§ WHAT TO PRODUCE:
Could you give the data that follows again exactly, without its pictures?

START MATERIAL SHOWN

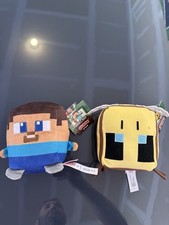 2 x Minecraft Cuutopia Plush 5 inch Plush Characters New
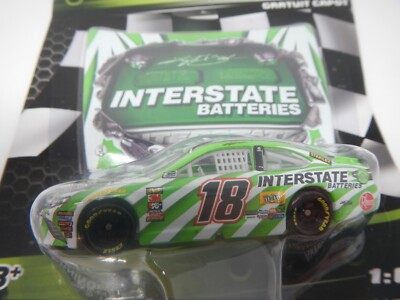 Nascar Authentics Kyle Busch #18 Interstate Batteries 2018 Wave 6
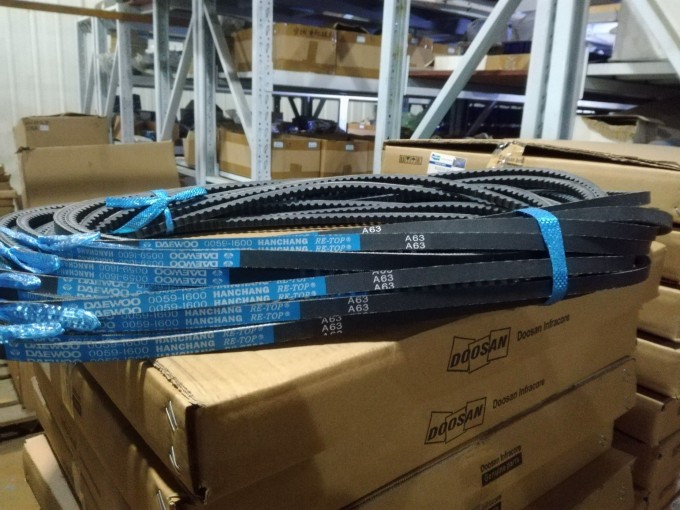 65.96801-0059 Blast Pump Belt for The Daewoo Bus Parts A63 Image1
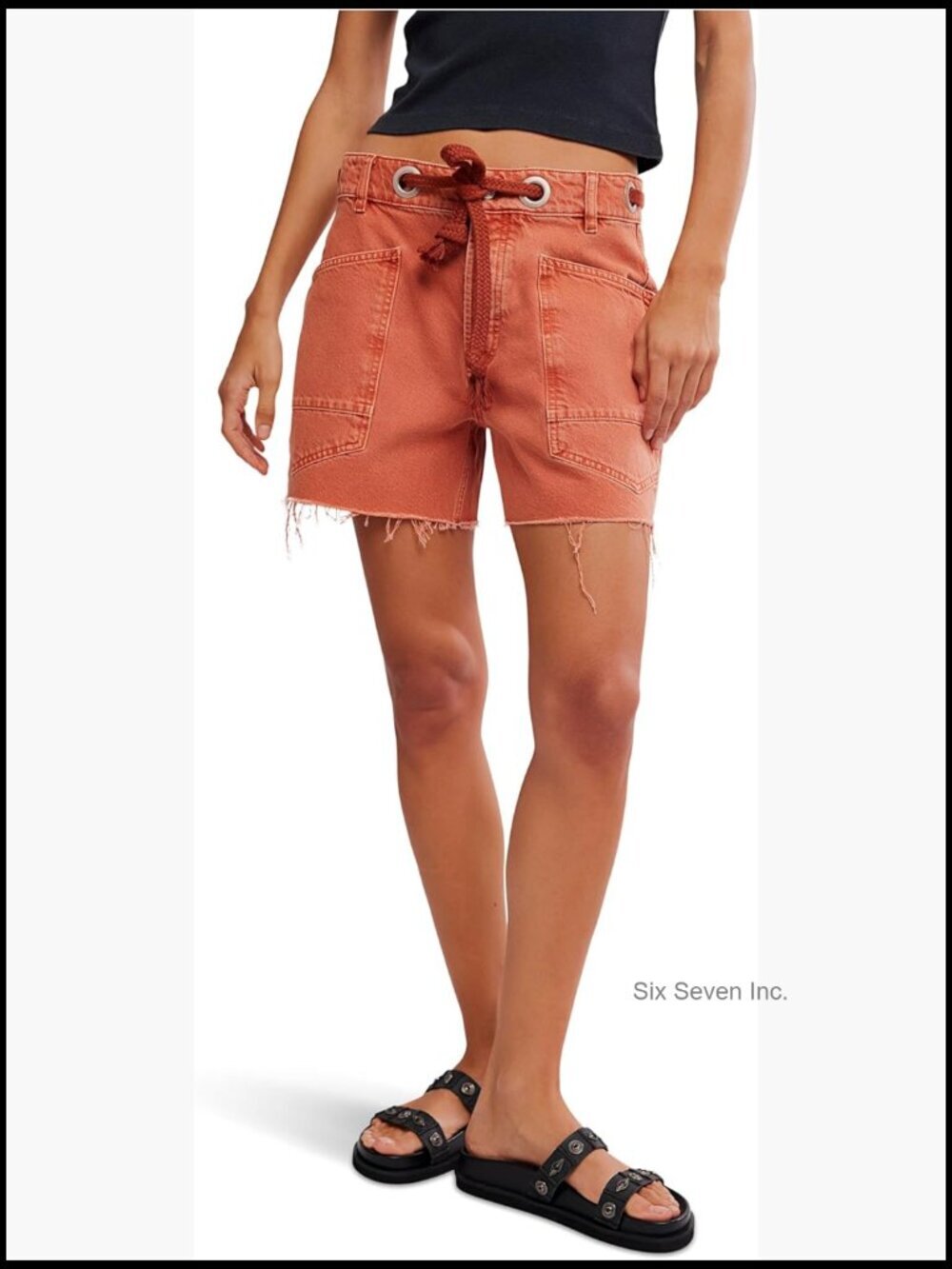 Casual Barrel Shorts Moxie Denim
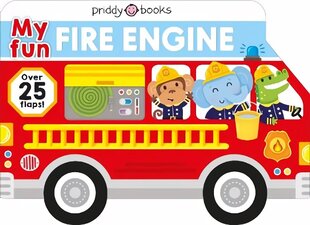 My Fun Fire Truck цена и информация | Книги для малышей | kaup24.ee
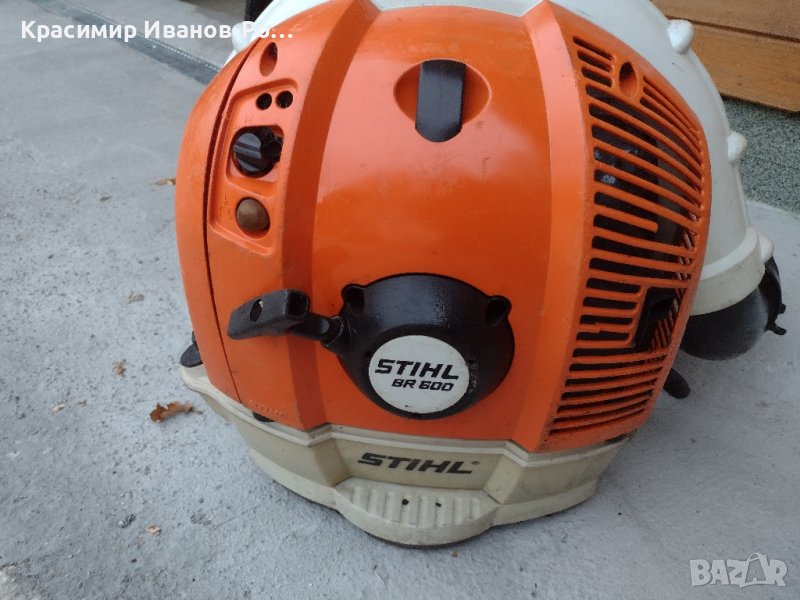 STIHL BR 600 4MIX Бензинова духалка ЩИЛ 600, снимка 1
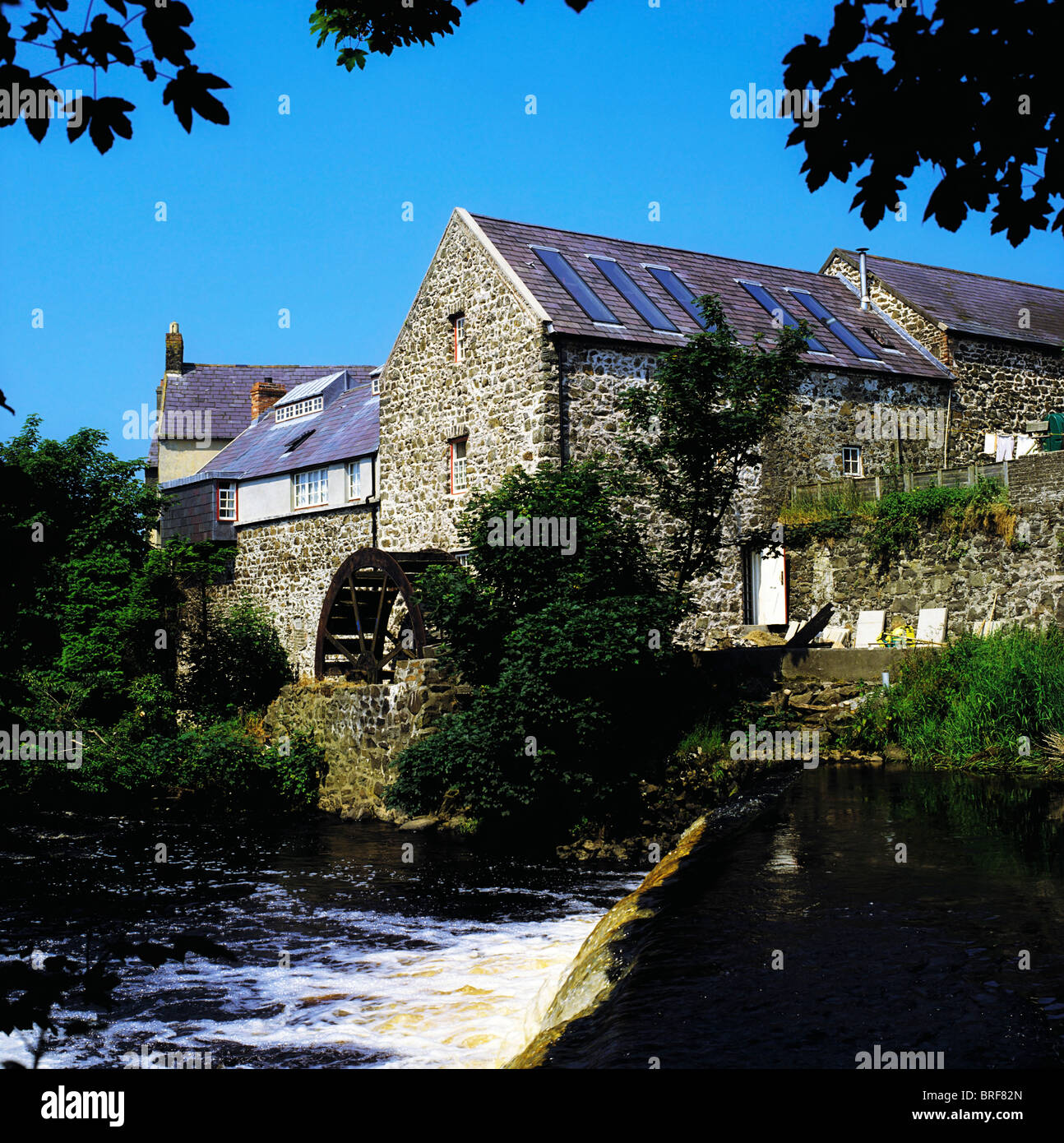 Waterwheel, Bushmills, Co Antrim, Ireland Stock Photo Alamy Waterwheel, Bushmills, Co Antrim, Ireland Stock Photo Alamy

END MATERIAL SHOWN

§ ANSWER TO THE EXERCISE:
 2 x Minecraft Cuutopia Plush 5 inch Plush Characters New
 Nascar Authentics Kyle Busch #18 Interstate Batteries 2018 Wave 6
 65.96801-0059 Blast Pump Belt for The Daewoo Bus Parts A63 Image1
 Casual Barrel Shorts Moxie Denim
 My Fun Fire Truck цена и информация | Книги для малышей | kaup24.ee
 STIHL BR 600 4MIX Бензинова духалка ЩИЛ 600, снимка 1
 Waterwheel, Bushmills, Co Antrim, Ireland Stock Photo Alamy Waterwheel, Bushmills, Co Antrim, Ireland Stock Photo Alamy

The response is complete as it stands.